Hedwig saß der Kranken zu Füßen, die sie in eine wollene Decke eingehüllt hatte und jetzt mit weicher Hand strich, um sie zu wärmen.

»Du mühst dich für mich, laß es doch sein!«

»O wie gerne thu' ich's! Ich thäte ja alles, alles für dich, mein Phinchen!«

Jetzt trat auch Hermann ein und mit ihm seine Mutter.

Die kalte Weltdame erschrak vor dem Bilde des nahen Todes, aber sie wußte, daß sie sich hier überwinden mußte um des Anstandes willen.

»Tante Julie!« Das kranke Mädchen streckte ihr die Hand entgegen.

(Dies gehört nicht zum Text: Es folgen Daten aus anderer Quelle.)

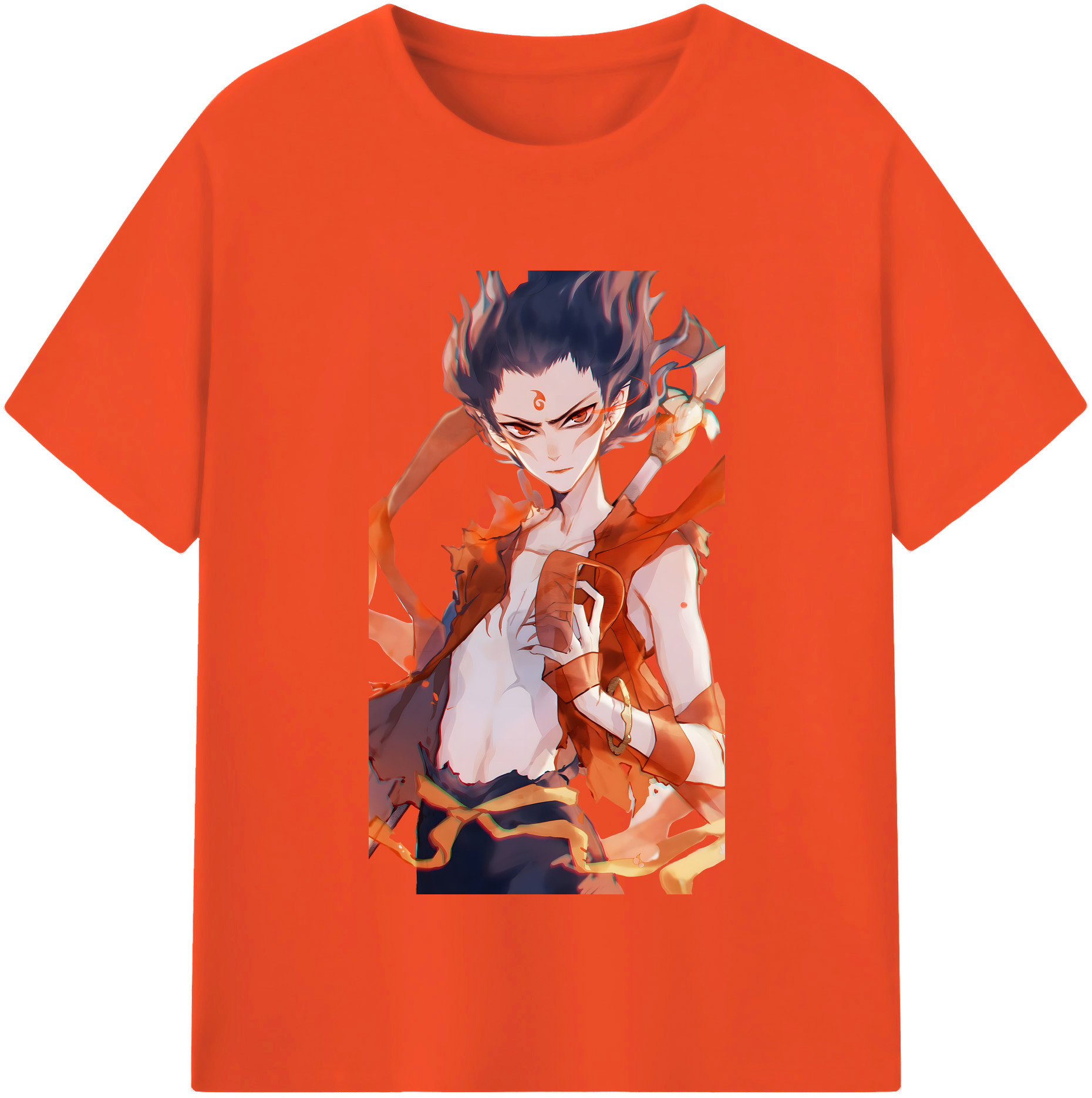（画像用） Ne Zha 2 ナタ 魔童の大暴れ 綿100％半袖Tシャツ（フロントプリント）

Sie trat näher. »Mein liebes Kind, du wirst bald genesen und wieder frisch und gesund werden.«

Seraphine schüttelte das Haupt. »Ich wünsche es nicht mehr; es muß schwer sein, so nahe dem Ziele, wieder zurück zu sollen in's Leben. Gute Nacht, liebe Mutter!«

So süß, so zärtlich klangen diese Worte, als seien sie der Abschiedsgruß für diese Welt.

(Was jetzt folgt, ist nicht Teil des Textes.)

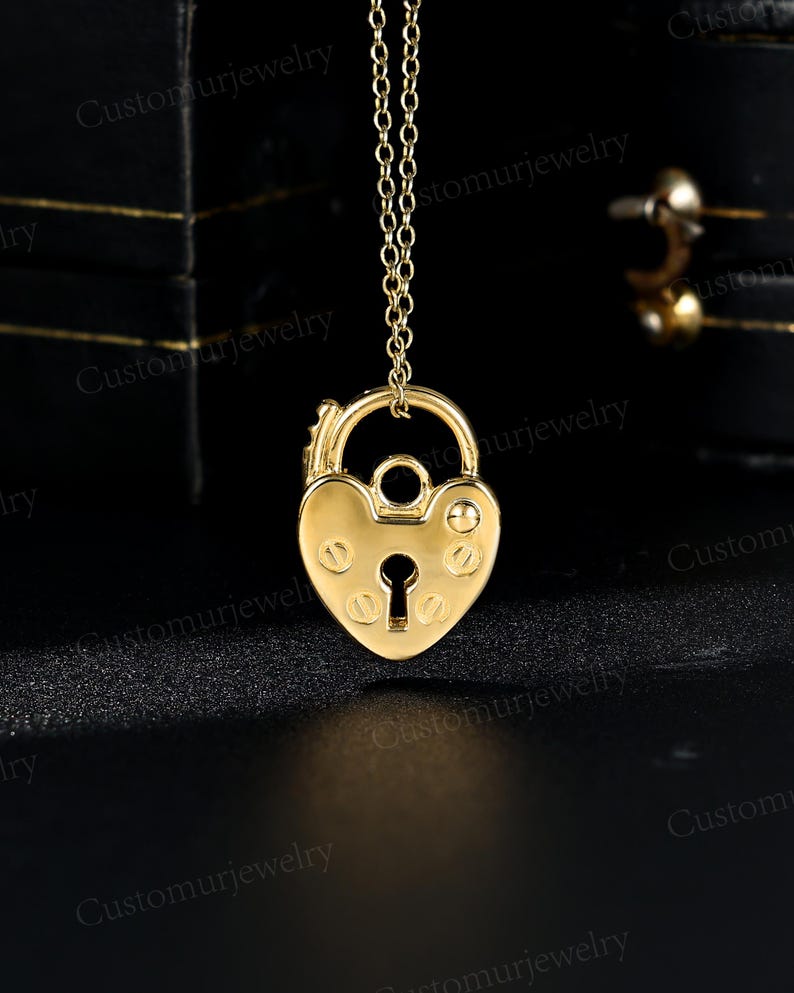 Unique Heart and Lock Pendant Necklace, Padlock Necklace, Handmade 10K Gold Pendant, Personalized Engraved Pendant, Promise Gifts for Lover image 5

Eine Weile lag die Kranke wie schlafend, nur leise bewegten sich ihre Lippen, als ob sie bete; durch das offene Fenster drang ein Sonnenstrahl herein und spielte flüchtig auf den Zügen Seraphinens, und nun blickte sie ein letztes Mal groß und ernst von einem der Anwesenden zum andern, als wollte sie jedermann nochmals danken für alle Liebe. Hedwig neigte sich zu ihr und küßte die erblaßten Lippen.

»Hedi, meine Schwester,« hauchten sie. Dann noch ein Kuß auf das Bild des gekreuzigten Heilandes, das Kathrine ihr darreichte, ein paar kurze Atemzüge, das Haupt neigte sich seitwärts – der Todesengel nahte der unschuldvollen Seele und trug sie heim in's bessere Leben, zu ihrem Gott, den sie so sehr geliebt, dem sie so treu gedient hatte. An der mütterlichen Brust der Gräfin Mechtilde lag die Entschlafene, so sanft, so friedlich gebettet – niemand hatte ihr eigentliches Ende bemerkt, so still war es vor sich gegangen, und tief ergriffen schloß ihr Hermann die Augen.

Seraphine hatte ihr irdisches Ziel vollendet.

Die Natur lag in wunderbarer, herbstlicher Schönheit, von der niedergehenden Sonne mit goldenem Glanze übergossen, vom Kirchturme läutet die Abendglocke zum englischen Gruße.